If you can't become alpha over the dog you need to seriously reconsider your owning an LGD. No one said it would be easy. Try maintaining alpha status over 15 dogs...I do it. Takes emmense amount of effort and time but I pull it off. This includes 6 intact males.

LGD's will never always come to you when called. It is what it is. These are not push button dogs never will be. They don't need us to do their job it comes naturally to them. People don't seem to be able to handle that sometimes they think they have to be all controlling...you will never acheive that with a true LGD as with a border collie or german shepherd. But, do not confuse alpha with control. Alpha just means you are the end-all, you call final shots. Being alpha does not mean you will be able to get your dog to come to you all the time. You are pack leader, not pack director. There is a difference.


----------



## Wolf Flower (Dec 21, 2005)

My Akbash is very submissive to people. You can do anything to him, take anything out of his mouth, etc. But submission and obedience are two distinct things in an LGD's brain. 

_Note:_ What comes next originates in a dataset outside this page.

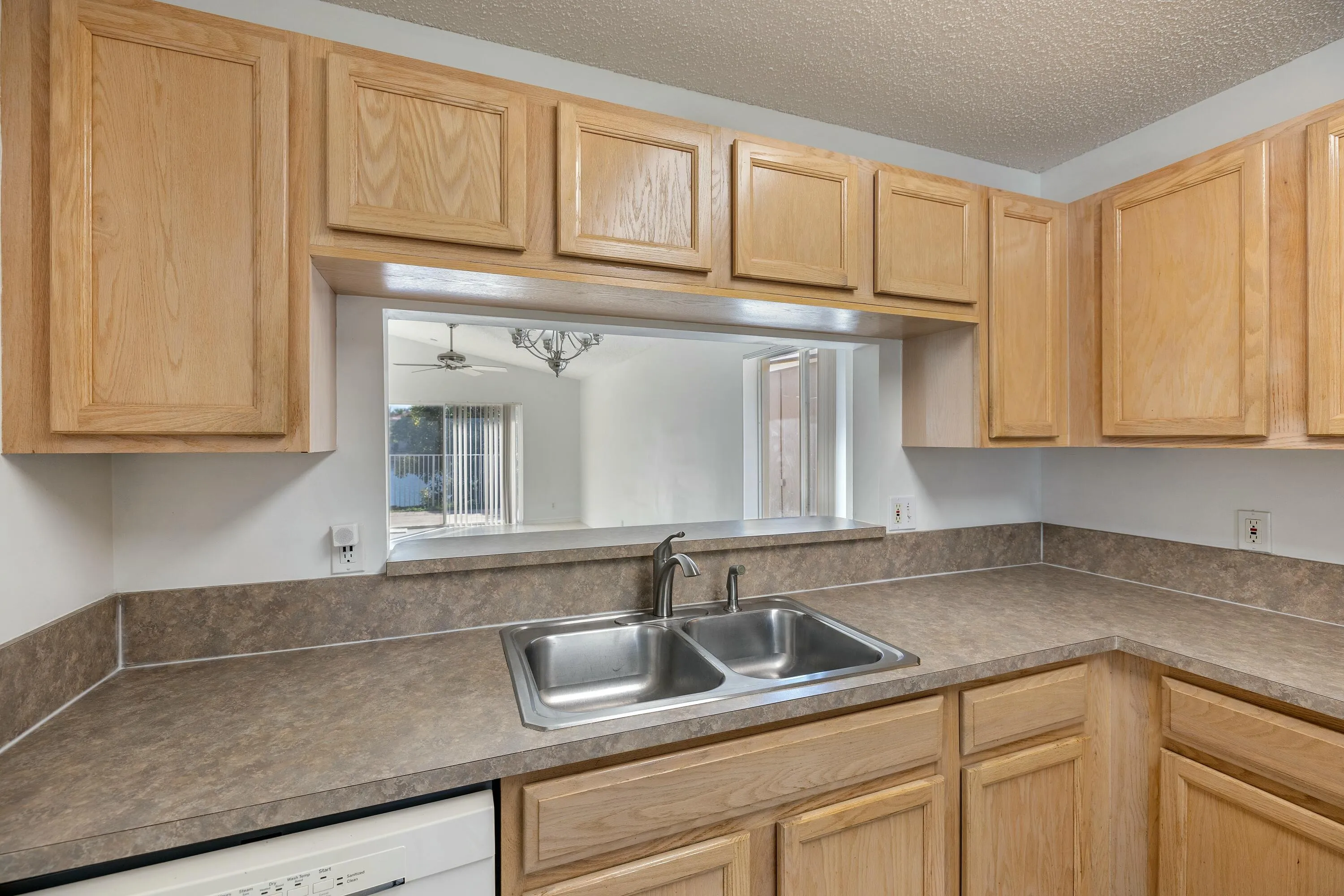 3800 Woodfield Dr-13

For an LGD, my boy is actually quite obedient. He comes when called about 90% of the time, obeys most commands eventually, and respects a reprimand. But I will never expect him to be an obedience dog--that's not his job. He needs to make decisions independently in order to keep the livestock safe. That means that if there is a stray dog running along the fenceline, I can call him all day long and he will not hear me until the job at hand has been done and the stray dog is gone.


----------



## Goatress (Feb 4, 2011)

Wolf Flower you hit it on the head, if they are working they 'tune you out' until job is done, then...they might come back, lol...! Their definition of when its time isn't always the same as ours...grin....is it!?

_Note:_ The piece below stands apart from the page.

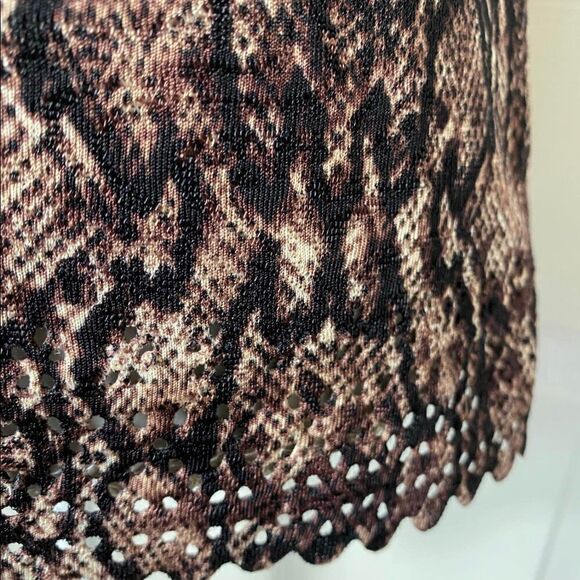 CHANCES R WOMENS SMALL TOP NWT - Picture 7 of 7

sticky this can be difficult I know to understand and to even live with at times. However once you learn to let go of the need to have that all-the-time obey mentality in your dog, you will be quite suprised and pleased because your dog will be doing its job. I have learned to let go a lot more running LGD's. If that makes any sense!


----------



## texican (Oct 4, 2003)

The alpha male LGD here was raised with the bucks... when the LGD ***** came into heat, he decided he liked living with her, and she stays next to the does, that live by the house. After he chewed on a few 'money dogs' (weeners/hua huas) it was time for an attitude adjustment. He bowed up to me and growled, and I put the smack down on him. Collared him down and he went into what the GF calls collar paralysis. About a day of me sitting on him, reinforcing that "I" was alpha male, finally took. For a week, everytime he saw me coming, he'd roll on his back and urinate himself.

He still does his job, mostly. He doesn't hover over his charges, but he does keep them in sight, and is ready to 'roll' if the alert goes out....

He growls at me after dark... once I 'identify' myself, and he growls, I 'burn roll' his ear.... till he stops.

I'll not put up with a dog that thinks he can take me... although he probably could.


----------



## BoldViolet (Feb 5, 2009)

I have Akitas, and those are serious dogs that you have to make darn sure they know you're alpha. Are LGDs typically of the same sort of stubborn dominance?

Are there any books about LGDs y'all can recommend? I'm years from getting an LGD (no farm, yet!  ), but I want to make sure I'm prepared and have researched them well before I get one.


----------



## sticky_burr (Dec 10, 2010)

i was reading oddly about chickens lol to start in the brooder that if they start in to use 2 fingers to push them apart/down. recons to me that this should be done with pups too since mom will do this as well. would this help life long? .. just thinking lol but i dont plan to eat a dog after 24 weeks lol so maybe more important

i definately know it will be a life of work. and no they wont always listen and its an individual issue one may submit easily while annother of the same litter may not, this is the nature of it i guess. will turning them on to thier back as pups to select one that is 'naturally' sub still accepted? 
i read about thier LGD getting licked by a goat lmao  so i guess submitting not much of a problem lol. although should not a LGD 'release' once you come to deal with what ever the problem is? sounds too "push button" but lol it would be nice. even if it was a **** release the dog "dispatch" the small invader with out a dog in the way.

and thanks all


----------



## Wolf Flower (Dec 21, 2005)

sticky_burr said:


> i definately know it will be a life of work. and no they wont always listen and its an individual issue one may submit easily while annother of the same litter may not, this is the nature of it i guess. will turning them on to thier back as pups to select one that is 'naturally' sub still accepted?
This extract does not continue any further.